§ **Records shown**:
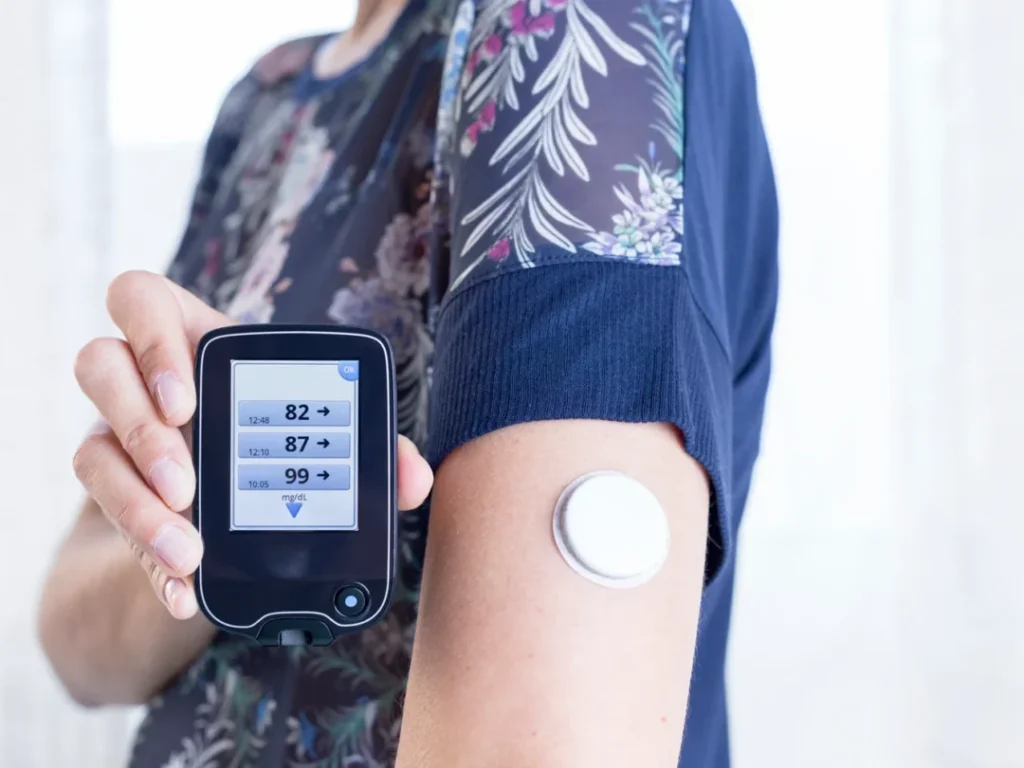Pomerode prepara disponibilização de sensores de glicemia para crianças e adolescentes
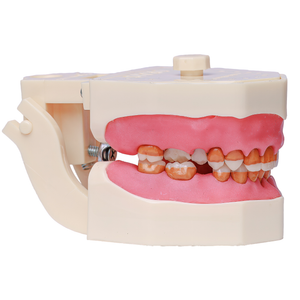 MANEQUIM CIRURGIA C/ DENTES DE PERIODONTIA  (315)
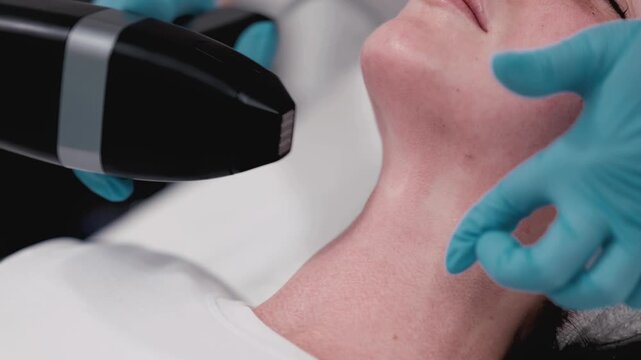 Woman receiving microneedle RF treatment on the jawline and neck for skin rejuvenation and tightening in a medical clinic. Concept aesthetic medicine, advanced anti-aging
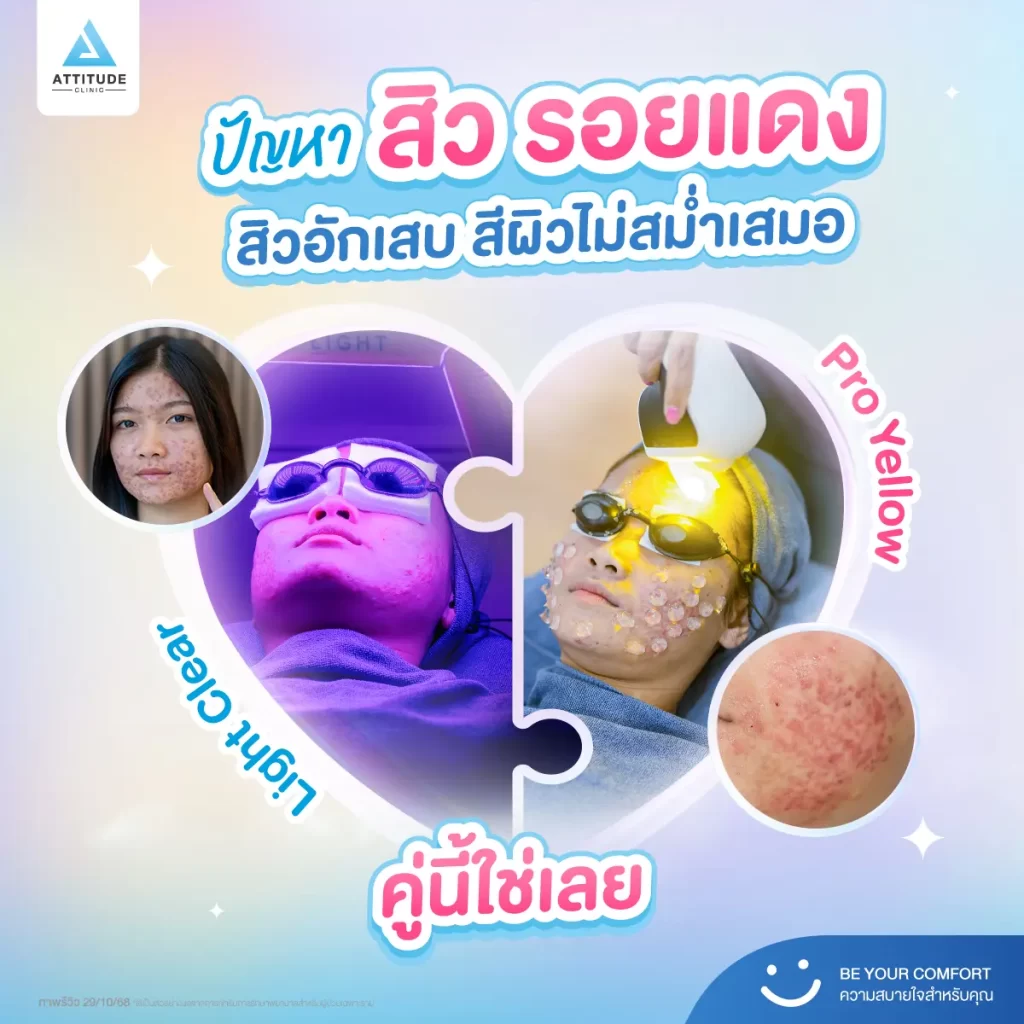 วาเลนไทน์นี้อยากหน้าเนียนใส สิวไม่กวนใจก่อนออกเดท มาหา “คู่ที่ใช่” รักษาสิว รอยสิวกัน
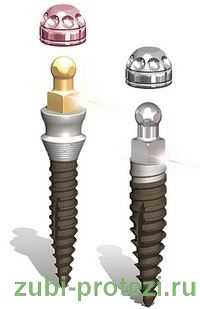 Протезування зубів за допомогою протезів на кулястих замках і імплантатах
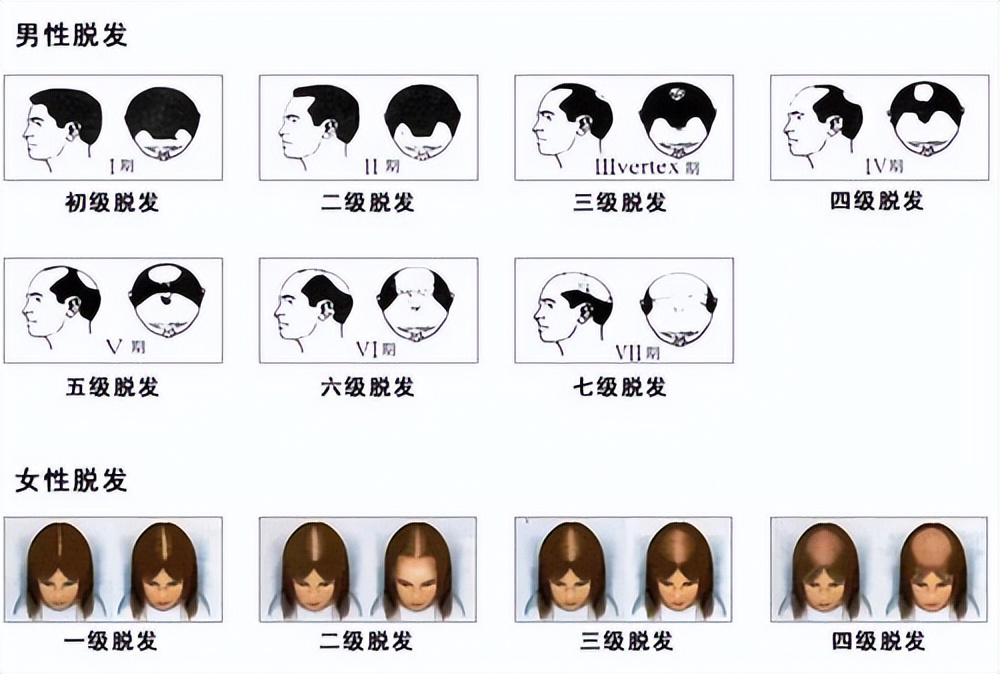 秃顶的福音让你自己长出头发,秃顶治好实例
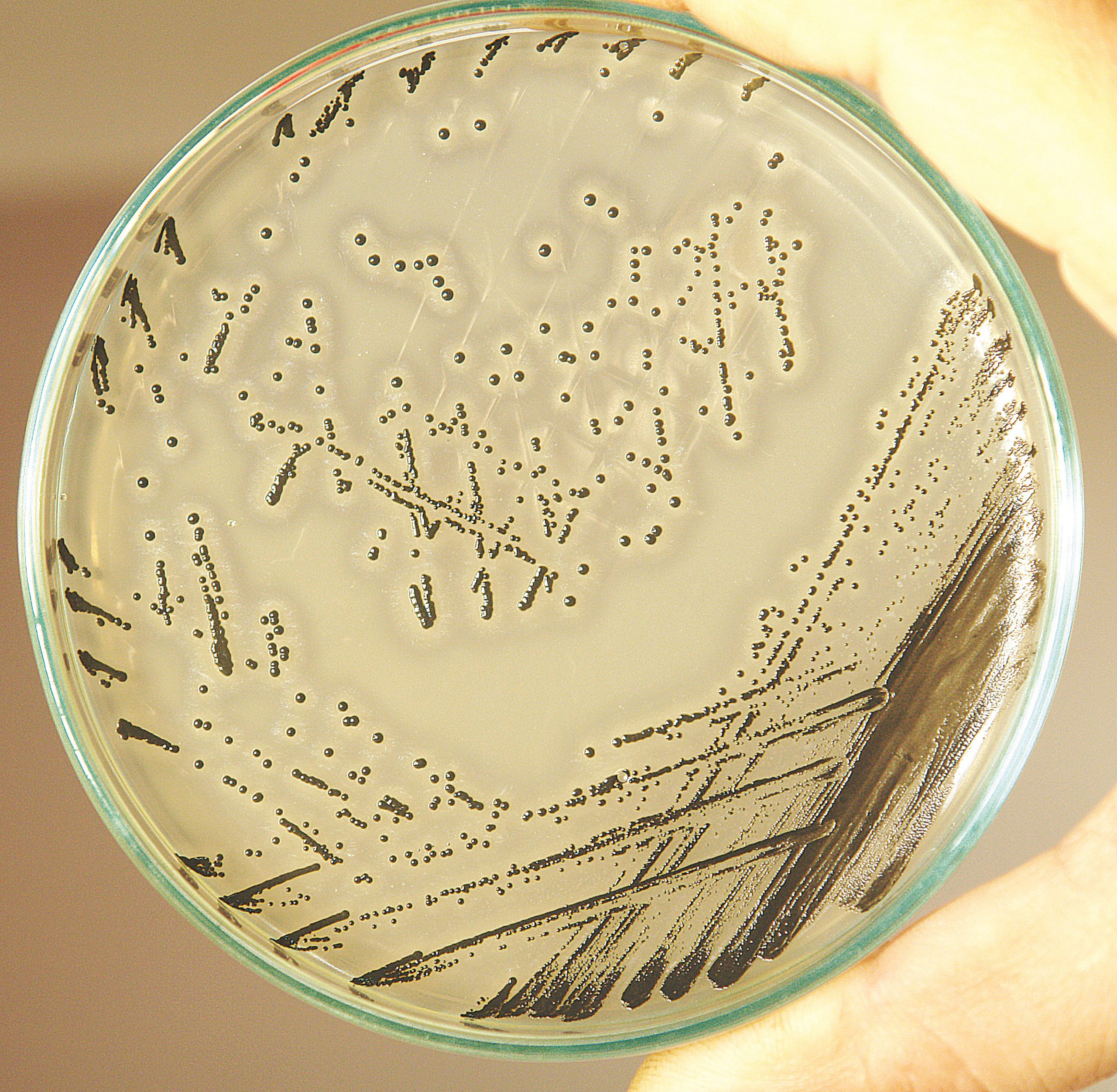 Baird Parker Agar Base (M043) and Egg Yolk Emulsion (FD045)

§ **Problem description**: All lines from the one that contains "วาเลนไทน์นี้อยากหน้าเนียนใส สิวไม่กวนใจก่อนออกเดท มาหา" through the last line of the data should be retyped exactly, with the pictures left out.

§ **Exercise output**:
 วาเลนไทน์นี้อยากหน้าเนียนใส สิวไม่กวนใจก่อนออกเดท มาหา “คู่ที่ใช่” รักษาสิว รอยสิวกัน
 Протезування зубів за допомогою протезів на кулястих замках і імплантатах
 秃顶的福音让你自己长出头发,秃顶治好实例
 Baird Parker Agar Base (M043) and Egg Yolk Emulsion (FD045)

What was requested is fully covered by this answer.